PROBLEM DESCRIPTION -
Only the pictures are to be dropped; return all other data below exactly.
======
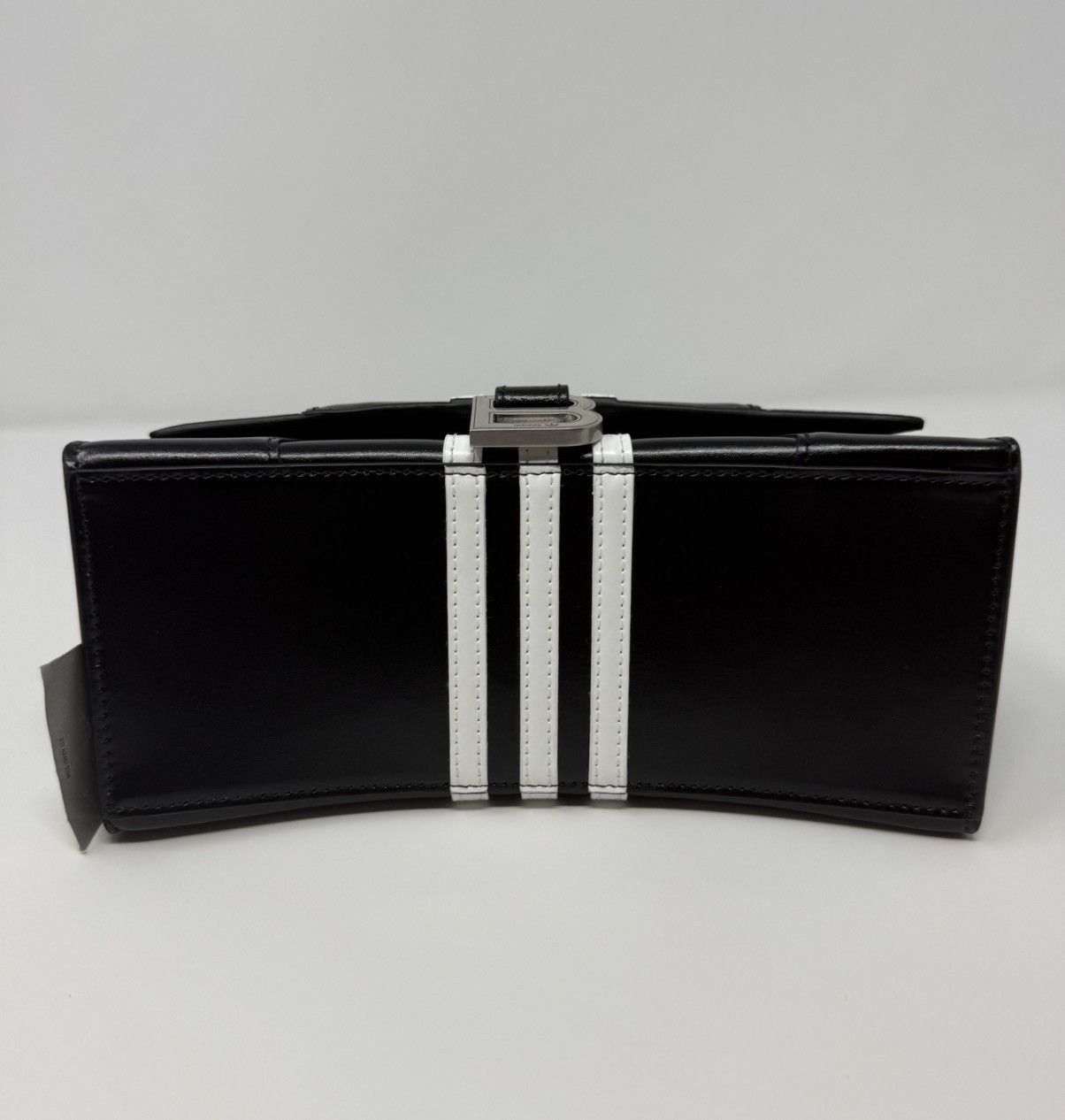 Adidas × Balenciaga Balenciaga Adidas Hourglass Leather Top Hand Bag Size ONE SIZE - 5 Thumbnail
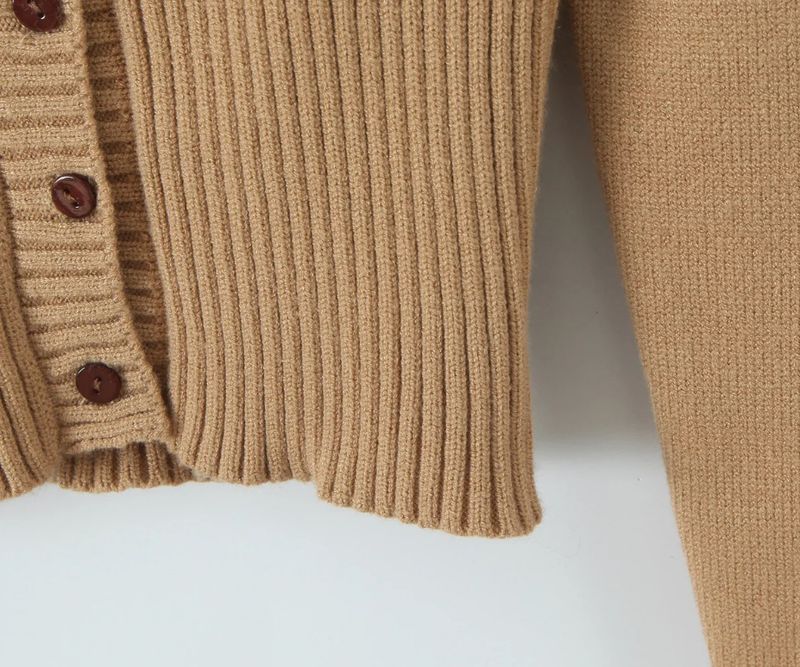 25 nuovi completi da donna primavera e autunno, stile Spicy Girl, con cardigan lavorato a maglia con lacci e volant + pantaloni svasati elasticizzati_voghion.com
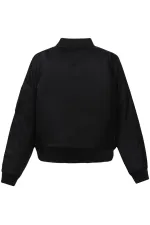 Erkek Çocuk Mont 6-9 Yaş Siyah - Paket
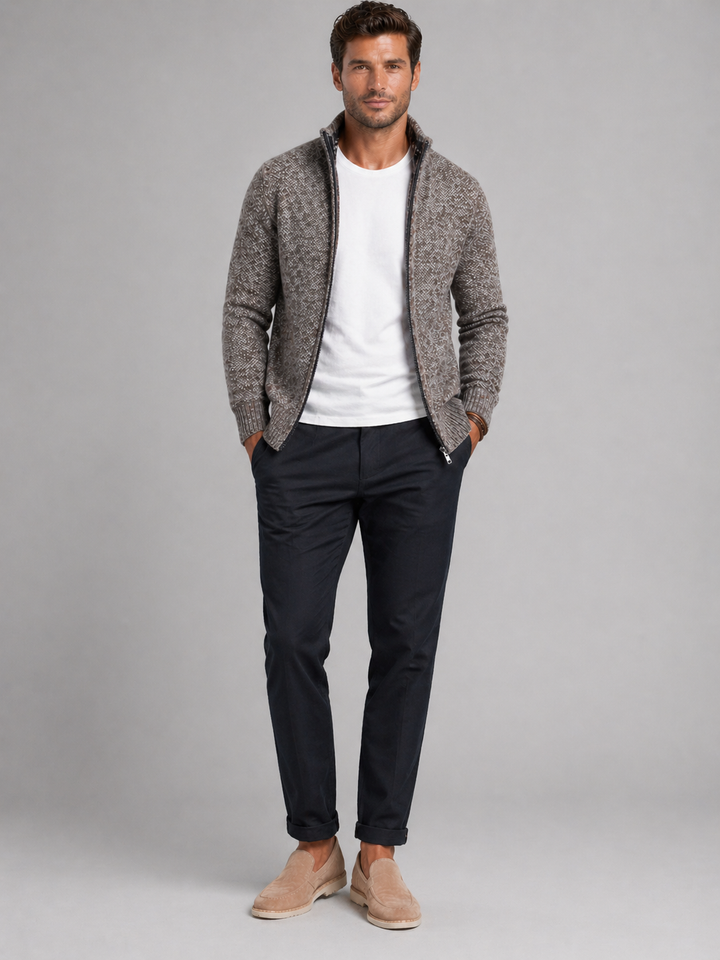Men’s Knit Cardigan – Smart Casual Button-Up Sweater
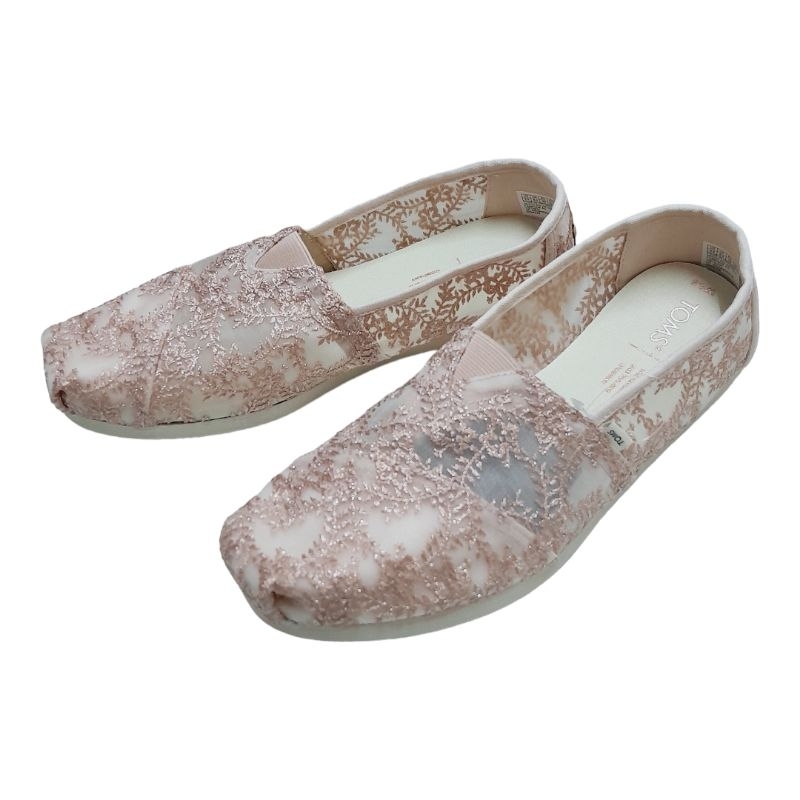 Rose gold metallic toms hot sale
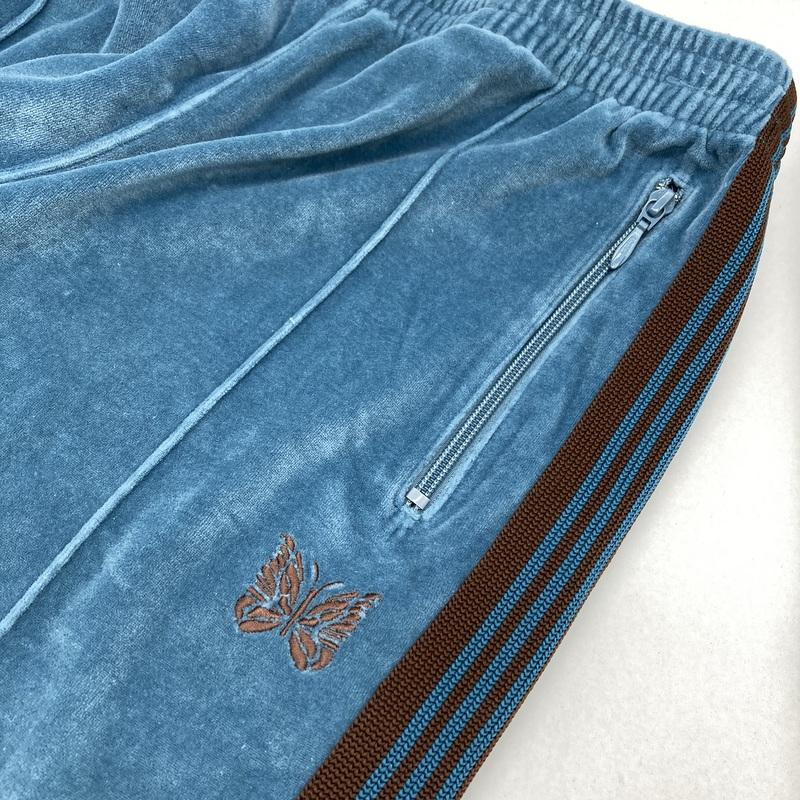 Needles（ニードルス） ナロートラックパンツ MR293 ベロア 刺繍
======
ANSWER TO THE EXERCISE -
 Adidas × Balenciaga Balenciaga Adidas Hourglass Leather Top Hand Bag Size ONE SIZE - 5 Thumbnail
 25 nuovi completi da donna primavera e autunno, stile Spicy Girl, con cardigan lavorato a maglia con lacci e volant + pantaloni svasati elasticizzati_voghion.com
 Erkek Çocuk Mont 6-9 Yaş Siyah - Paket
Men’s Knit Cardigan – Smart Casual Button-Up Sweater
 Rose gold metallic toms hot sale
 Needles（ニードルス） ナロートラックパンツ MR293 ベロア 刺繍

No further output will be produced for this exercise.